● **Exercise directions**: Take the line with "LAYSON Dining Table" and all lines after it, through the end of the records below, and repeat them exactly.

● **Dataset entries**:
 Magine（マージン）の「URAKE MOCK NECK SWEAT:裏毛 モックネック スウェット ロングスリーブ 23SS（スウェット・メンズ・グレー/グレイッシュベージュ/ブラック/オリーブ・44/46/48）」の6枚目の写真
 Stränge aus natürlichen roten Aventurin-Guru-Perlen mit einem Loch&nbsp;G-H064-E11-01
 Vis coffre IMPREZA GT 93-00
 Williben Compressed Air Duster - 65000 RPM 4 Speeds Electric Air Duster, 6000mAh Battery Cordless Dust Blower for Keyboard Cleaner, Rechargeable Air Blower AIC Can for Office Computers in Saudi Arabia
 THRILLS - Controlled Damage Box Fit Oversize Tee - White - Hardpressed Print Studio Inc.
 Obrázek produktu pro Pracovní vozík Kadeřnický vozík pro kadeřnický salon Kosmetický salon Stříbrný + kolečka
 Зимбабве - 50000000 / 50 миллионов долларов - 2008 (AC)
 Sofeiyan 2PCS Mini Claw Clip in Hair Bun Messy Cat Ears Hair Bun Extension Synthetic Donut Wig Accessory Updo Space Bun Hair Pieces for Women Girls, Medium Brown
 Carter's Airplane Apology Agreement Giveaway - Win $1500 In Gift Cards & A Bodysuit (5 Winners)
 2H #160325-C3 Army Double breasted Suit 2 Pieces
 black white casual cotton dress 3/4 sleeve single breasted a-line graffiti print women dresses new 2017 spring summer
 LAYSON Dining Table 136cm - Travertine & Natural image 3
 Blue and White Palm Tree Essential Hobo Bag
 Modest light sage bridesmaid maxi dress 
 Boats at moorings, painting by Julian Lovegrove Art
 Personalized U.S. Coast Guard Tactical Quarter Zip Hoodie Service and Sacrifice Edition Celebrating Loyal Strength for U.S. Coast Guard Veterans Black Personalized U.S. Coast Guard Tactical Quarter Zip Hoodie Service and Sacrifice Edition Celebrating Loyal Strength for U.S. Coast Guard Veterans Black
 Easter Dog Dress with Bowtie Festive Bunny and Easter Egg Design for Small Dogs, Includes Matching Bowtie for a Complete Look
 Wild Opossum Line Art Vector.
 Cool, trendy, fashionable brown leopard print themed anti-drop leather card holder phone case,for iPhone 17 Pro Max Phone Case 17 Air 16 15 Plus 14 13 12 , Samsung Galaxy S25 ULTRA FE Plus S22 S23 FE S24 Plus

● **Completed exercise**:
 LAYSON Dining Table 136cm - Travertine & Natural image 3
 Blue and White Palm Tree Essential Hobo Bag
 Modest light sage bridesmaid maxi dress 
 Boats at moorings, painting by Julian Lovegrove Art
 Personalized U.S. Coast Guard Tactical Quarter Zip Hoodie Service and Sacrifice Edition Celebrating Loyal Strength for U.S. Coast Guard Veterans Black Personalized U.S. Coast Guard Tactical Quarter Zip Hoodie Service and Sacrifice Edition Celebrating Loyal Strength for U.S. Coast Guard Veterans Black
 Easter Dog Dress with Bowtie Festive Bunny and Easter Egg Design for Small Dogs, Includes Matching Bowtie for a Complete Look
 Wild Opossum Line Art Vector.
 Cool, trendy, fashionable brown leopard print themed anti-drop leather card holder phone case,for iPhone 17 Pro Max Phone Case 17 Air 16 15 Plus 14 13 12 , Samsung Galaxy S25 ULTRA FE Plus S22 S23 FE S24 Plus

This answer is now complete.